— DATA EXTRACT —
== Segment start ==
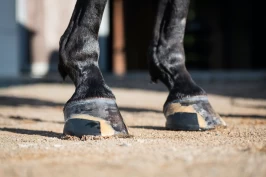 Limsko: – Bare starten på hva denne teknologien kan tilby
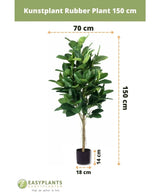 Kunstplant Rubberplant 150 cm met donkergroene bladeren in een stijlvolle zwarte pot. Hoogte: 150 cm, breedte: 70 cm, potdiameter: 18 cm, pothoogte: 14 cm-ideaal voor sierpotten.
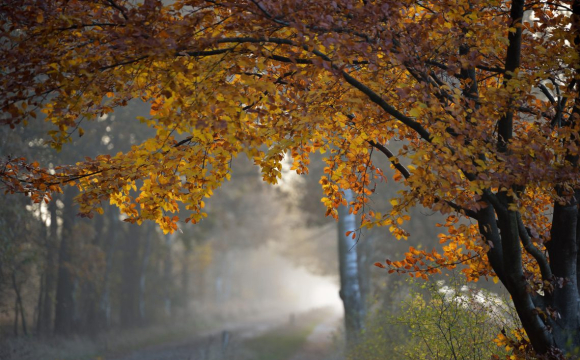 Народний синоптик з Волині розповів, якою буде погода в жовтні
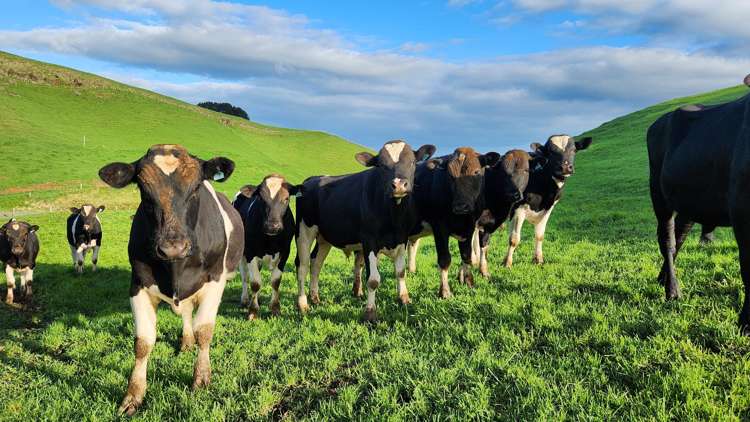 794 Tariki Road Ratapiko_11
== Segment end ==
Starting with the line that contains "Kunstplant Rubberplant 150" and ending with the last line of the material, every line must be written out exactly; no other lines and no pictures are wanted.

 Kunstplant Rubberplant 150 cm met donkergroene bladeren in een stijlvolle zwarte pot. Hoogte: 150 cm, breedte: 70 cm, potdiameter: 18 cm, pothoogte: 14 cm-ideaal voor sierpotten.
 Народний синоптик з Волині розповів, якою буде погода в жовтні
 794 Tariki Road Ratapiko_11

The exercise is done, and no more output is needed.